The records:

----------------------------------------

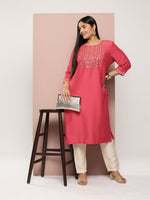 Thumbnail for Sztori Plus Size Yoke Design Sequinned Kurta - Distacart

----------------------------------------

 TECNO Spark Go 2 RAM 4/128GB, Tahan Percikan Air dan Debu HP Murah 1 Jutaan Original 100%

----------------------------------------

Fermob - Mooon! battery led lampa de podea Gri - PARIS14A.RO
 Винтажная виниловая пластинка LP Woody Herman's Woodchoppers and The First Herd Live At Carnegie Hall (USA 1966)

----------------------------------------

About this task:
Keep both end lines and retype everything in the records above from the line containing "Fermob - Mooon!" through the line containing "Винтажная виниловая пластинка", exactly, with nothing else.

Output of the exercise:
Fermob - Mooon! battery led lampa de podea Gri - PARIS14A.RO
 Винтажная виниловая пластинка LP Woody Herman's Woodchoppers and The First Herd Live At Carnegie Hall (USA 1966)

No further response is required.